The mission was the subject of a book and film, The Monuments Men, starring George Clooney and Matt Damon.
Mr Leckie, of Troon, Ayrshire, said later: “I now wonder what my feelings would have been if I’d known then one of my passengers was a former Luftwaffe (German air force) paymaster who had defected to the French Resistance. He was a native to the area we were heading and had discovered from relatives the Nazi plan to conceal massive collections of art treasures in this area.”
Posted to RAF Bomber Command, Mr Leckie attacked a German flying-bomb factory on one raid. In another sortie, he dropped guns, ammunition and supplies to Polish troops fighting the Nazis in August 1944. For that mission, he was awarded the Polish Cross of Valour.
A native of Glasgow, Mr Leckie was a cinema projectionist before joining the RAF in 1941 and training as a pilot in England, Canada and the US.
After the war, he returned to his cinema job before joining the Hoover domestic appliance firm.
Mr Leckie was later involved in civilian pilot training at Scone, Perthshire, before joining Irish airline Aer Lingus as a pilot for 25 years until his retirement in 1979.
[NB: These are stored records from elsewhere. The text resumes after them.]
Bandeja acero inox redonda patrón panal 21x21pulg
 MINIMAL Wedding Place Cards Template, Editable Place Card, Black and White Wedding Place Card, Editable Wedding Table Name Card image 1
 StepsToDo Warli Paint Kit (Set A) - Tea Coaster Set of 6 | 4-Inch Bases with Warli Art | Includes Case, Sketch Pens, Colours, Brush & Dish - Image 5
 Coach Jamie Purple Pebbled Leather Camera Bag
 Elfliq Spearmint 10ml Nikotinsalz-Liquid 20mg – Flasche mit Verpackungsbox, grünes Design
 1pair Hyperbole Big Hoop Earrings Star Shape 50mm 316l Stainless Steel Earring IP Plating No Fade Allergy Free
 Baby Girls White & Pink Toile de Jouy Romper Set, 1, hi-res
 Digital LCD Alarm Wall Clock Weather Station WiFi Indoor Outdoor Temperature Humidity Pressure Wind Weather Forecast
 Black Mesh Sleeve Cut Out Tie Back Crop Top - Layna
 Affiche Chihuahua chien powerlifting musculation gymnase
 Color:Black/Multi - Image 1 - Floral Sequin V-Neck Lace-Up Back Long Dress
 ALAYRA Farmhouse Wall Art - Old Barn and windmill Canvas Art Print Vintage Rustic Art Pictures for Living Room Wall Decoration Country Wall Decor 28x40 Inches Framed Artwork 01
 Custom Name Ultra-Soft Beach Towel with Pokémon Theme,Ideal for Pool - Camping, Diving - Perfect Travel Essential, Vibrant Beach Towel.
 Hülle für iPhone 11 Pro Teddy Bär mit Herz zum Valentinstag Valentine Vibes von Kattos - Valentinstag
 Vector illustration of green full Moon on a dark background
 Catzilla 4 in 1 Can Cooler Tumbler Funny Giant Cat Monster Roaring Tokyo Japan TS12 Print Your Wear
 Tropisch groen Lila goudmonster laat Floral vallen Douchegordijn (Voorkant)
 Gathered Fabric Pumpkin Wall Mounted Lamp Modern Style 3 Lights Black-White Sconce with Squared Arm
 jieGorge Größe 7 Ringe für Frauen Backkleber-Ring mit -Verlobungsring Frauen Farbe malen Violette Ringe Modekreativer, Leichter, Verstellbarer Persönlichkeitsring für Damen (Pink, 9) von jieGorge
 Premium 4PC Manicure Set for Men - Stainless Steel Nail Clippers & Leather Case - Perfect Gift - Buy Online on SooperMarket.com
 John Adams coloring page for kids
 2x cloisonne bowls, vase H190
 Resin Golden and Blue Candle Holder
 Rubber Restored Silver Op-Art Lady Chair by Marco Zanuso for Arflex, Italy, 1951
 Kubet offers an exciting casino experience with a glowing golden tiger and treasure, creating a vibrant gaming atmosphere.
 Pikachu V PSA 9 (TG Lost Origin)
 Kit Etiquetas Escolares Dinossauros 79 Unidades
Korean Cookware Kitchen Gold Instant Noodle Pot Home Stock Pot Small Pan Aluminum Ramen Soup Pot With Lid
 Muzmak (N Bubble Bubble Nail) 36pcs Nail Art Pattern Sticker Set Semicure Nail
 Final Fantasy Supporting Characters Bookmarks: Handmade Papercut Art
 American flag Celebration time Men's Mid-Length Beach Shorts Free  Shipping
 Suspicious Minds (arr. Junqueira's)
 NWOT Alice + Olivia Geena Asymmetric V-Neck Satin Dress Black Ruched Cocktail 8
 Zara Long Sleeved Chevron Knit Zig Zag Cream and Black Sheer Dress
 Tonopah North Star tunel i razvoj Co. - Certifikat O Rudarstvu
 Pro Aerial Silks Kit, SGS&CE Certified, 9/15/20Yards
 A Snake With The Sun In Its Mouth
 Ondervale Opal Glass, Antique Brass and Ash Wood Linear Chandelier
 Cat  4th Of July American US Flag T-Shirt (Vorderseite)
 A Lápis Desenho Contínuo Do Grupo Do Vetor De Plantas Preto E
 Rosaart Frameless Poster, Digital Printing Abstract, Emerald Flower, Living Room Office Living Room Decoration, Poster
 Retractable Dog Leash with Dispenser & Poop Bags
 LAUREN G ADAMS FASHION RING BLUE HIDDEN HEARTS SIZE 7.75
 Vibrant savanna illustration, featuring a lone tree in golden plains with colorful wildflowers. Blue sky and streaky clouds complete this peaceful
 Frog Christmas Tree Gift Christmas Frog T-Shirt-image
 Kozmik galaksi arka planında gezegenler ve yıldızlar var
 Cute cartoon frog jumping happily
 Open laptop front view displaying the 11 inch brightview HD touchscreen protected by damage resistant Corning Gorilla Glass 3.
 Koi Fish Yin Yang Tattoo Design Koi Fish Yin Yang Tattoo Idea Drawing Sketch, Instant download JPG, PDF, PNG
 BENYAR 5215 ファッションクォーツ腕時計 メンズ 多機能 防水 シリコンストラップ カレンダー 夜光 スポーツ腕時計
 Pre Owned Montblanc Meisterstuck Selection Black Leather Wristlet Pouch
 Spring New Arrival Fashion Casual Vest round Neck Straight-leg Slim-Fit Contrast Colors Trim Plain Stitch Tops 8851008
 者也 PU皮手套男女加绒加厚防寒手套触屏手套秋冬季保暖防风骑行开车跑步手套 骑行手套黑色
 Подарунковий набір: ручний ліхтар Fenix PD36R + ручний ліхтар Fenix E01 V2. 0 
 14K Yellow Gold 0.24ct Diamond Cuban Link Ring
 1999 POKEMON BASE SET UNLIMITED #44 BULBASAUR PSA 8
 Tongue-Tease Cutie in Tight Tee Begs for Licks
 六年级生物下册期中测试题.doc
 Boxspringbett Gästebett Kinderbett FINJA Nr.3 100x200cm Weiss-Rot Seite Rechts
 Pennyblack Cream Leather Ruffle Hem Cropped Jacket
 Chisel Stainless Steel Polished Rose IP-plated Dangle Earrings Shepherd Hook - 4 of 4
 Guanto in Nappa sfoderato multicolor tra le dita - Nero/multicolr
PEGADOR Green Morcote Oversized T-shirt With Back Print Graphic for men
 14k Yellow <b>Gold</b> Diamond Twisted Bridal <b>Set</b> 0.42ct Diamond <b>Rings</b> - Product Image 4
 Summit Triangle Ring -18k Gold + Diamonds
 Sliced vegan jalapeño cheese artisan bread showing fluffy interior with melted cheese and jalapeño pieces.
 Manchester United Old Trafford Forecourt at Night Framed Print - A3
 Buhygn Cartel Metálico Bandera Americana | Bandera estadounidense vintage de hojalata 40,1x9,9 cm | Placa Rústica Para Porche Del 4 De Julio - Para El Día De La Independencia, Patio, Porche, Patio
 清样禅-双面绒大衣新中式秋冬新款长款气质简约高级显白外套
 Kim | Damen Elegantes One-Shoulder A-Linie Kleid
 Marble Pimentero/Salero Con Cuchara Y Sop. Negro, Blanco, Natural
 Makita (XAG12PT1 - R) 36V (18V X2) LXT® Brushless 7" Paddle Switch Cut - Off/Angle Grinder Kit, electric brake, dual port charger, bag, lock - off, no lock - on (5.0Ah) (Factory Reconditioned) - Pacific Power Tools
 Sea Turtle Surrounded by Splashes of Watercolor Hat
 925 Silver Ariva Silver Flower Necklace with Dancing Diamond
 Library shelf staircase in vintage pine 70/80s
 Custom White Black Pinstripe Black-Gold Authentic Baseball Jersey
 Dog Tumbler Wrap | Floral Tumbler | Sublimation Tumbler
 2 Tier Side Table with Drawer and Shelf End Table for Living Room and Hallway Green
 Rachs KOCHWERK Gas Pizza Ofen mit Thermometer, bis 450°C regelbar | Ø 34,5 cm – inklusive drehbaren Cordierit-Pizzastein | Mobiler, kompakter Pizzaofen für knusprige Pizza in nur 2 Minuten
The father-of-three and greatgrandfather, whose wife Ina died in
2012, celebrated his 100th birthday in June and was honoured with a flypast by the Irish air force.
UK veterans and representatives from the Royal British Legion in Ireland attended Mr Leckie’s funeral service at St Patrick’s Church in Enniskerry.
Mr Leckie’s life will be celebrated with a service at Holmsford Bridge crematorium in Dreghorn, Ayrshire, tomorrow at 11.30am.